In a unanimous ruling, the Supreme Judicial Court barred Suffolk District Attorney Daniel F. Conley’s office from using information gleaned from the cellphone of Onyx White, who was charged with the 2010 murder of popular Roxbury store clerk Geraldo Serrano.
During their investigation, Boston police seized White’s cellphone from the Boston public high school he attended. The police did not have a warrant and did not have White’s permission, the court said. Police testified that at least two people were involved in the fatalrobbery, and the investigators’experience showed suspects often used cellphones to communicate with other suspects.
But, writing for the court, Justice Barbara Lenk wrote that the “commonsense notion’’ that suspects use cellphones to communicate with each other — or use it for other tasks, like taking photographs that could be used in evidence — is not enough to override a person’s privacy rights.
“Even where there is probable cause to suspect the defendant of a crime, police may not seize or search his or her cellular telephone to look for evidence unless they have information establishing the existence of particularized evidence likely to be found there,’’ Lenk wrote. “The detectives here lacked any information establishing the existence of evidence likely to be found on the defendant’s cellular telephone.’’
She added, “We conclude, accordingly, that they lacked the nexus required for probable cause to seize that device.’’
White is expected to return to Suffolk Superior Court for a status hearing on the case later this fall. Prosecutors say they are still determined to put White on trial for the slaying.
“It was reasonable to believe that [White and a co-defendant], like countless others, used their cellphones to communicate about the crimes and the identities of the others involved,’’ said Jake Wark, a spokesman for District Attorney Daniel F. Conley. “There was not even a hint of impropriety in the phone’s lawful seizure, careful storage, or court-authorized search. . . . We just don’t see the prejudice.’’
Attempts to reach Boston police and several law enforcement groups to comment on the ruling were unsuccessful on Wednesday.
J.W. Carney Jr., a lawyer for White, praised the ruling and said the prosecution's case against the now-23-year-old White will be “significantly weakened,’’ since the SJC barred the use of any evidence gleaned from the cellphone.
“This is an important decision concerning the right of privacy,’’ Carney said. “We use cellphones to store very personal information. A search of it exposes all aspects of a person’s life.’’
Daniel S. Medwed, a Northeastern University law professor, said the ruling could “potentially have vast ramifications on police conduct’’ in Massachusetts.
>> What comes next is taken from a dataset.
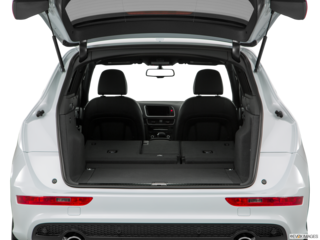 2017 audi q5 cargo area empty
“I think the police will now be more deliberative in seeking cellphones [by] making sure they have enough evidence to obtain a warrant before they even seize’’ them, he said.
The SJC said that if it approved the seizure of White’s cellphone on the grounds that it might contain evidence, police and prosecutors would use the argument in every single investigation.
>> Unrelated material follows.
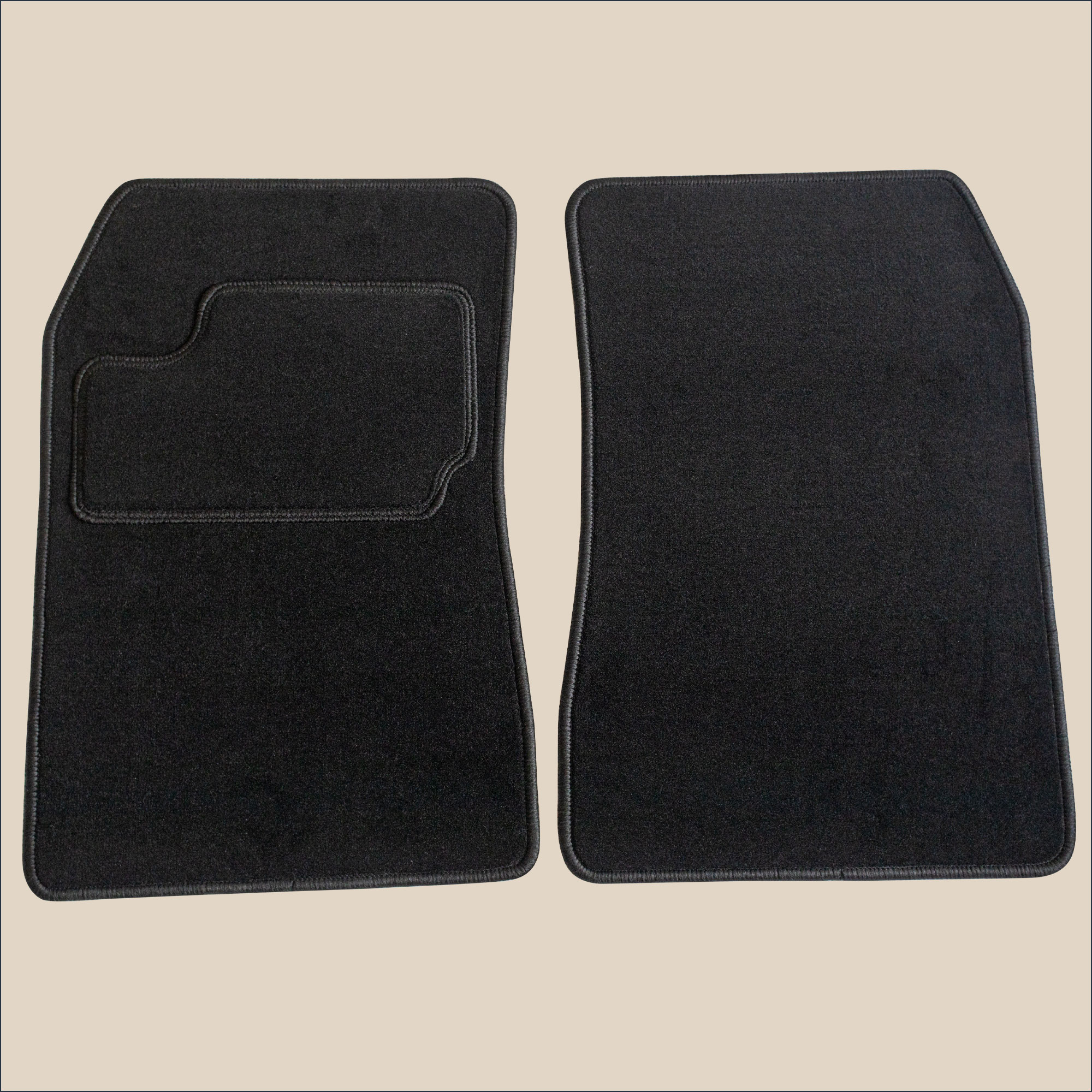 tapis avant noir volkswagen polo 1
“It would be a rare case where probable cause to charge someone with a crime would not open the person’s cellular telephone to seizure and subsequent search,’’ Lenk wrote. “We cannot accept such a result’’ because it will violate privacy protections under both the federal and state constitutions.
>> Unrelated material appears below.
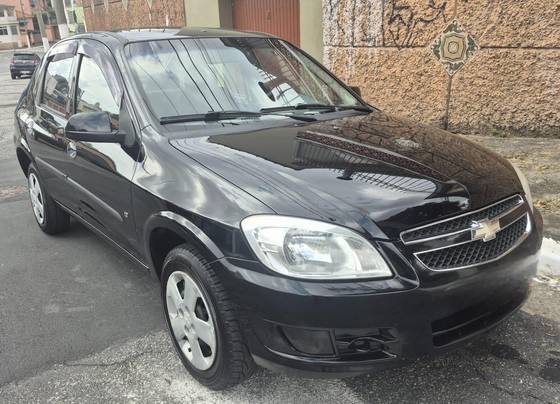 CHEVROLET PRISMA 1.4 MPFI LT 8V FLEX 4P MANUAL CHEVROLET PRISMA 1.4 MPFI LT 8V FLEX 4P MANUAL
Serrano, the victim in the fatal robbery, was 71 years old and a grandfather to 28 children.
White was 16 years old when he was charged with participating in the murder of Serrano with Martin Freeles, who was then 17 years old. Freeles has since pleaded guilty to manslaughter and is serving a 15-year sentence.
White allegedly was the triggerman and is facing a first-degree murder charge. He has pleaded not guilty, but has been held without bail since 2010.
Once they seized White’s phone, police did not do anything with it for 68 days. Then they sought a search warrant to examine its contents, discovering information that allegedly linked White to similar armed robberies of convenience store clerks.
Conley’s office and police argued it was a reasonable amount of time because detectives were interviewing multiple witnesses, executed five other search warrants, and were also assigned two other homicide investigation during the nearly 10-week period.
The court said that 68 days was too long, however. Police can hold an item seized without a warrant for a short period while seeking authorization, but must release the item if no warrant is obtained promptly, according to the ruling.
“We do not question that the detectives diligently performed their difficult jobs,’’ Lenk wrote, but she also said, “The Commonwealth has not shown that the prolonged delay following the warrantless seizure was reasonable.’’
Wark noted that the SJC held oral arguments on the case on Dec. 8, 2015, and did not issue a ruling until Wednesday, well past the court’s own rules to issue a decision 130 days after hearing from lawyers in the case.
“To what do they attribute the 275-day delay between hearing oral arguments and issuing this decision?’’ Wark said.